Required action -> Your answer must repeat all of the entries word for word, without any images.

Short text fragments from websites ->

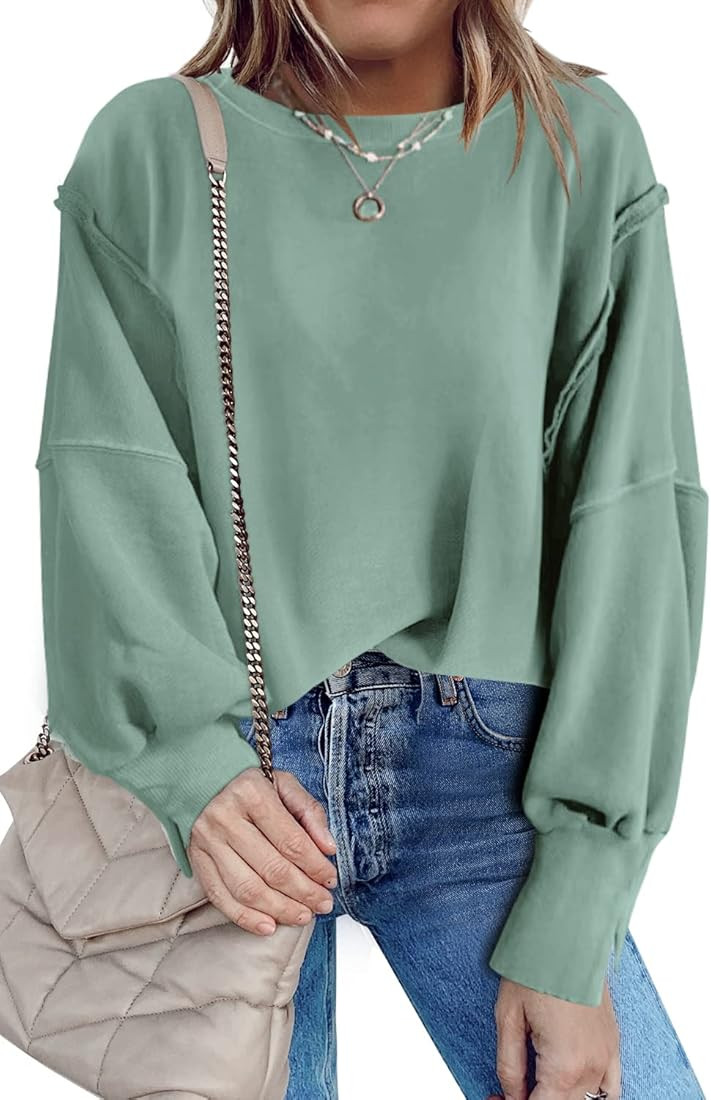 Amazon.com: Nirovien Womens Oversized Crewneck Sweatshirt Side Slit Long Sleeve Pullover Slouchy ... | Amazon (US)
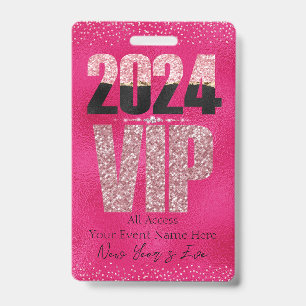 Badge de Parties scintillant rose chaud glamour VI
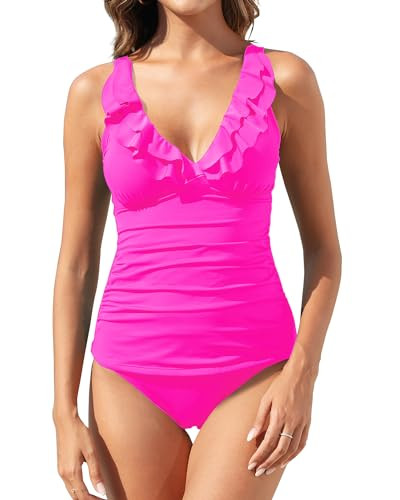 Yonique Womens Two Piece Swimsuits - Ruffle Flounce Tankini Tummy Control Bathing Suits V Neck Sw... | Amazon (US)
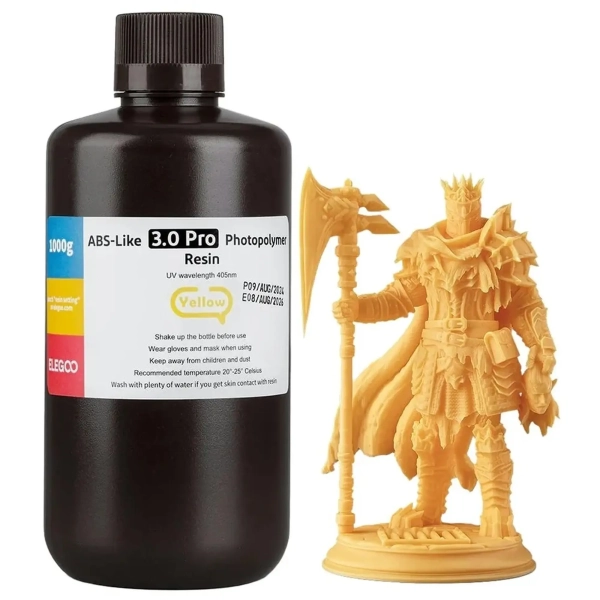 Купити Фотополімерна смола ELEGOO ABS-Like 3.0 Pro Resin 1 кг, жовта (50.103.0257) - фото 1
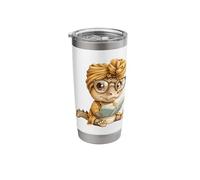 Baby Reptile Small Book Reading Graphic Lizard Large Glasses Stainless Steel Insulated Tumbler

Output for this task ->
 Amazon.com: Nirovien Womens Oversized Crewneck Sweatshirt Side Slit Long Sleeve Pullover Slouchy ... | Amazon (US)
 Badge de Parties scintillant rose chaud glamour VI
 Yonique Womens Two Piece Swimsuits - Ruffle Flounce Tankini Tummy Control Bathing Suits V Neck Sw... | Amazon (US)
 Купити Фотополімерна смола ELEGOO ABS-Like 3.0 Pro Resin 1 кг, жовта (50.103.0257) - фото 1
 Baby Reptile Small Book Reading Graphic Lizard Large Glasses Stainless Steel Insulated Tumbler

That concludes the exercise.